The Fasta-format protein sets of C. tepidum and P. phaeoclathratiforme were downloaded from the UniProt database (http://www.uniprot.org; Additional files 2, 3) in early October 2014. For comparison, protein sets were also downloaded from Ensembl Genomes (Release 23, http://ensemblgenomes.org; Additional files 4, 5). Results reported are based on the UniProt data, however the complementary files for analyses using Ensembl Genomes data are also provided (Additional files 4, 5, 6, 7, 8, 9, 10, 11, 12).

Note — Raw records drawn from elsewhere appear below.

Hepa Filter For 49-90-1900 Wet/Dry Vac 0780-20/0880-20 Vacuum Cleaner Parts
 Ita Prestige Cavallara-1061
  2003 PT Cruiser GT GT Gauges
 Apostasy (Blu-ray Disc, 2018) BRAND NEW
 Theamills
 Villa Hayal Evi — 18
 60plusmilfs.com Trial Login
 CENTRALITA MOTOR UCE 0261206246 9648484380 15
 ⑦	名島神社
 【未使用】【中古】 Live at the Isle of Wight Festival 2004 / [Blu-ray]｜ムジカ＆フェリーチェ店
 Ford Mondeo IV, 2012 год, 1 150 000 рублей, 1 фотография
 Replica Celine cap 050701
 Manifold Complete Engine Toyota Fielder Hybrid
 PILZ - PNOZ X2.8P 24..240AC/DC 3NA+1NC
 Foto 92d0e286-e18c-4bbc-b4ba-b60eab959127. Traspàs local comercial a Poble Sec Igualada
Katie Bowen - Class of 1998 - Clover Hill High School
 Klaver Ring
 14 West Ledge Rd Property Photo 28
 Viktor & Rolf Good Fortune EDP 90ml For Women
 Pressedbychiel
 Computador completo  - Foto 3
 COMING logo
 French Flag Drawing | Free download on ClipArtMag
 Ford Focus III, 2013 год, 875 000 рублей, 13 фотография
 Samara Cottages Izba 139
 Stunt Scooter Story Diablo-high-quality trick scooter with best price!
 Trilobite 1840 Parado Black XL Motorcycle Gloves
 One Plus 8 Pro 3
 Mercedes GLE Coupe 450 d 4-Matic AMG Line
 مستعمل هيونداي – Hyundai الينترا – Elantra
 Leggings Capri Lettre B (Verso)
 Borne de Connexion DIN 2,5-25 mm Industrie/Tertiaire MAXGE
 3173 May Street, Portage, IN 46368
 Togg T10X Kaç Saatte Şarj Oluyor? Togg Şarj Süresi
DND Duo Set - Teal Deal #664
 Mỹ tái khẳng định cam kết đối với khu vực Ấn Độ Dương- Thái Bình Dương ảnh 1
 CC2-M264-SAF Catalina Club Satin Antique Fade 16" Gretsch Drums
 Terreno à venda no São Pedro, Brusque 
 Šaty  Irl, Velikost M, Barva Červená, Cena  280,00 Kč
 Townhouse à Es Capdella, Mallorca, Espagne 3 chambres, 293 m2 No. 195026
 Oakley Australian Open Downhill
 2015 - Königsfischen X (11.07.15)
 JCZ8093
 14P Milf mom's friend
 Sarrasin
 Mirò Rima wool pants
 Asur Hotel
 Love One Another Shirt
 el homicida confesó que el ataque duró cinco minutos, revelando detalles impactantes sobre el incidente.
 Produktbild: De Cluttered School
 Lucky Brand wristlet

Protein family delimitation

The genome-wide protein sets of the two species were analysed using OrthoMCL software (http://orthomcl.org) [6] with MCL [12]. Steps were followed as laid out in the protocol from the OrthoMCL User Guide (also available at http://orthomcl.org), using default parameters with the exception that the ‘all-versus-all’ NCBI BLAST [13] was run with the BLOSUM45 substitution matrix. The sequence similarity-based protein families (‘orthologous groups’) output by OrthoMCL were stored in a file, groups.txt (Additional file 1). The OrthoMCL output was verified by bl2seq searches on random groups (selected using the random function in Microsoft Excel), on the expectation that sequences within a group should show strong evidence of homology. This was the case (E = 10−119, 8 × 10−78, and 6 × 10−63 and identity = 85, 48 and 33 % for Groups 119, 696 and 96 respectively).

Protein family analysis

Since OrthoMCL only produces families of proteins, Perl scripts were written [14] to analyse their distribution across the two species (Additional files 13, 14, 15, 16, 17, 18). Counts were verified using a script written independently [15]. Protein functions and structures were obtained through Web access to the Uniprot (http://www.uniprot.org) and InterPro (http://www.ebi.ac.uk/interpro) databases in November 2014.

Protein function analysis

The function of any protein family containing four or more proteins within a group was analysed. Any protein group that contained exclusively uncharacterised proteins, of which there are 16 groups, was excluded from the results in Table 2 and assigned to Table S1 (Additional file 19).